Growing up with siblings can be a blessing if the relationship is healthy. However, many siblings drift apart when conflicts arise. These conflicts can cause hurt feelings, distant communication and even jealousy among brothers and sisters. Mending a sibling relationship takes time and effort from the entire family.
Sibling rivalry or conflict can arise from differences such as gender, personality, birth order or even a perception of favoritism from one or both parents, according to Joan Grayson Cohen, senior manager of access services at Jewish Community Services in Baltimore. When there is conflict, it’s important to recognize that each sibling has unique qualities, needs and interests. The first step in mending a broken relationship is to acknowledge and recognize that your sibling is unique and may make different choices and have different reactions than you do. Once you recognize the differences in personality and conflict management styles, it may be easier to work toward common ground in your relationship.

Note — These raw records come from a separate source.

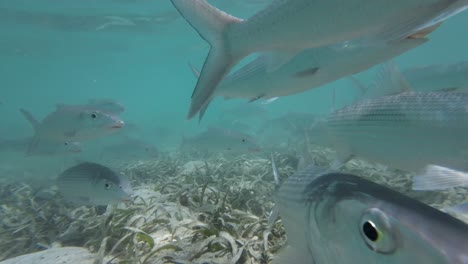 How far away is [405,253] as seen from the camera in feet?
3.23

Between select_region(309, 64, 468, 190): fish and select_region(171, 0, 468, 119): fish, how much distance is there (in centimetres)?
119

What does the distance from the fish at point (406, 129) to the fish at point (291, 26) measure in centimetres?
119

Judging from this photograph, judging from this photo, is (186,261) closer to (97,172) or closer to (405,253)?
(405,253)

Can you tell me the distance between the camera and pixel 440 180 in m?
2.07

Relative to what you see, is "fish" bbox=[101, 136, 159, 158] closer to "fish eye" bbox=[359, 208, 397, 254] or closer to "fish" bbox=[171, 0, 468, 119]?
"fish" bbox=[171, 0, 468, 119]

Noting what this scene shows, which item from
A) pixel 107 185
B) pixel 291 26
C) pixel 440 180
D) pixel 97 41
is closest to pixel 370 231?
pixel 440 180

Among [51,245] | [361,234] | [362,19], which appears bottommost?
[51,245]

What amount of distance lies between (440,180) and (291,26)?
1.48m

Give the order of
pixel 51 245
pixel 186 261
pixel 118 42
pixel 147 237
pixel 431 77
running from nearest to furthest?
pixel 186 261 < pixel 147 237 < pixel 51 245 < pixel 431 77 < pixel 118 42

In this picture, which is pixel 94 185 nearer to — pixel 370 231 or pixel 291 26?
pixel 291 26

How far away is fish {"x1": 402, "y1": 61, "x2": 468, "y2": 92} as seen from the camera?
5.81 m

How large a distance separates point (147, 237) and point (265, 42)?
7.52ft

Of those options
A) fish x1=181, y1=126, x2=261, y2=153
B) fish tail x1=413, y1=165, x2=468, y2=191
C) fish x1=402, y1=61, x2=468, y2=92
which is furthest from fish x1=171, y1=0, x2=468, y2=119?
fish x1=181, y1=126, x2=261, y2=153

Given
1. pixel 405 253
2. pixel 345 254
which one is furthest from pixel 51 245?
pixel 405 253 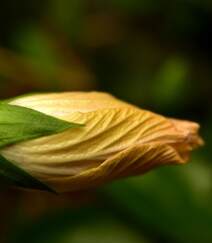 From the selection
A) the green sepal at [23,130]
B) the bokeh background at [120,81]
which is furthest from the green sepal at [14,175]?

When there is disharmony between siblings, the goal should focus on how to move from hurt and angry feelings to a peaceful resolution, Grayson Cohen said. However, that’s not always easy. Begin by acknowledging that conflict exists. Rather than rehashing an old argument and placing blame, investigate and evaluate the cause of the conflict. Validate your siblings’ feelings and listen actively to show that you are willing to work toward a committed sibling relationship. When siblings can communicate honestly and openly, the long road to forgiveness becomes shorter.
Apologize and Forgive
If it is truly genuine, the phrase “I’m sorry” never loses merit in the eyes of your siblings. When siblings, whether young or old, can admit that they are sorry for actions that resulted in a conflict, the relationship can then move forward. A sincere apology and a willingness to forgive can mend a broken sibling relationship over time. If trust was breached, provide an honest explanation of why you or a sibling lied or betrayed that trust, according to Randy Conley, trust practice leader for the Ken Blanchard Cos. Avoid making excuses, evaluate your ability to put the actions in the past and truly forgive one another to mend the relationship.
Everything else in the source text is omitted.